- Episode no.: Season 2 Episode 15
- Directed by: Bruce Seth Green
- Written by: Rob Des Hotel; Dean Batali;
- Production code: 5V15
- Original air date: January 27, 1998

Guest appearances
- Seth Green as Oz; Camila Griggs as Gym Teacher; Jack Conley as Gib Cain; Larry Bagby as Larry Blaisdell; Megahn Perry as Theresa Klusmeyer; Keith Campbell as Werewolf;

Episode chronology
| ← Previous "Innocence" | Next → "Bewitched, Bothered and Bewildered" |
- Buffy the Vampire Slayer season 2

= Phases (Buffy the Vampire Slayer) =

"Phases" is episode 15 of season two of Buffy the Vampire Slayer. It was written by series story editors Rob Des Hotel and Dean Batali, and first broadcast on The WB on January 27, 1998. In the episode, Oz learns that he is a werewolf, while Buffy endures the emotional trauma of dealing with Angelus.

==Plot==
Cordelia and Xander are attacked by a werewolf that rips a hole in her car's roof. Giles points out that there have been several other attacks, though so far only animals have been killed. During high school gym class, it is revealed that at least two students have been bitten lately: Oz by a cousin, and school macho Larry by a dog.

After some research, Giles tells the Scoobies that a werewolf is a wolf for the three nights of the full moon — the coming night would be the second. Since the werewolf is human the rest of the month, it would be wrong to kill it. This, however, is not the view of misogynist werewolf hunter Gib Cain, who is out for his twelfth pelt and who condescendingly jeers at Buffy for trying to do a man's job.

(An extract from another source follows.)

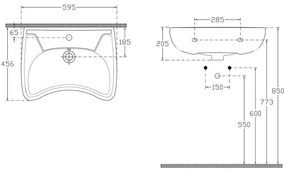 Biele keramické umývadlo 59x45,5 cm Handicap – Sapho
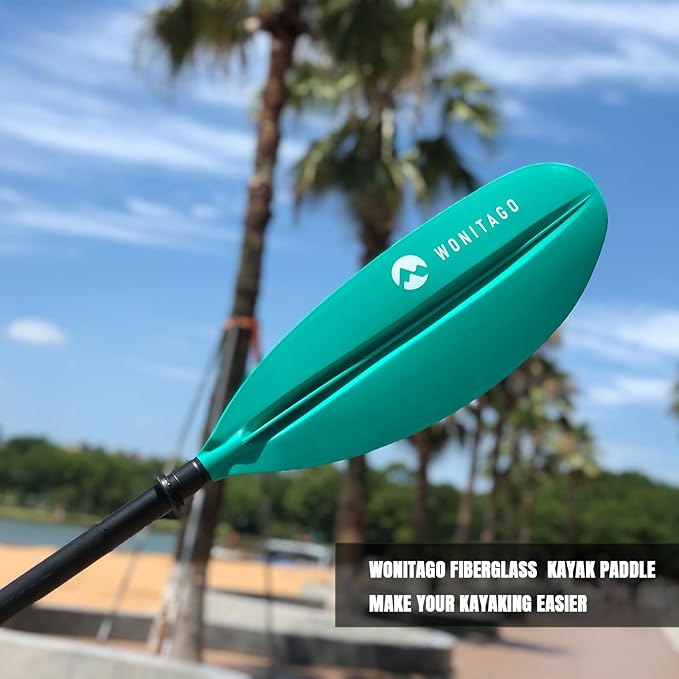 Kayak Paddles with Fiberglass Shaft and Reinforced PP Blade, Floating Adjustable Kayaking Oars, 3 Piece, 220-240 cm/86-94 Inches, 240-260 cm/94-102 Inches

Buffy and Giles rush to The Bronze, where the werewolf crashes the party. Buffy tries to catch it with a chain but fails. Cain joins them and sneers that it will be Buffy's fault if the werewolf kills anybody. A body does turn up the next morning: Theresa, one of the students. Buffy is not the only one to have feelings of guilt. Oz wakes up in the forest, naked and confused after changing back from his wolf state. Recalling the bite he got, he calls his Aunt Maureen, and bluntly asks if his cousin is a werewolf.

Xander figures that Larry is the most obvious suspect because of the dog bite. When he confronts Larry alone in the gym locker room, he learns that Larry's macho bluster has been a cover-up for the fact that he is secretly gay. Larry leaves with the mistaken impression that Xander is gay, too, but still in the closet. Back in the library, Buffy suggests to Willow that she might have to make the first move if she wants to speed things up with Oz.

Buffy realizes that the reports of Theresa's body did not mention any mauling. She and Xander get to the funeral home in time to watch her rise as a vampire. Theresa passes along greetings from Angelus before Xander stakes her. Buffy is left shaken by this and Xander comforts her. Meanwhile, Angelus and the werewolf confront each other, Angelus in his game face and the werewolf baring its fangs, but Angelus backs away and leaves.

Cain busies himself casting silver bullets for the hunt. Willow visits Oz right before sundown. Oz is about to chain himself up, but lets Willow in the house. Her rant about the mixed signals he is sending is interrupted by him changing into a werewolf. She flees the house screaming, Oz in pursuit. Cain hears the wolf's cry and joins the hunt. The werewolf is distracted by a scent which Cain set as a trap, and Willow escapes and then finds Giles and Buffy, who are about to start the hunt for Oz with a tranquilizer gun. All parties meet in a clearing in the forest, and in the scuffle, it is Willow who shoots Oz, saving everybody. Buffy bends Cain's shotgun with her bare hands using Slayer strength, and tells him to leave Sunnydale.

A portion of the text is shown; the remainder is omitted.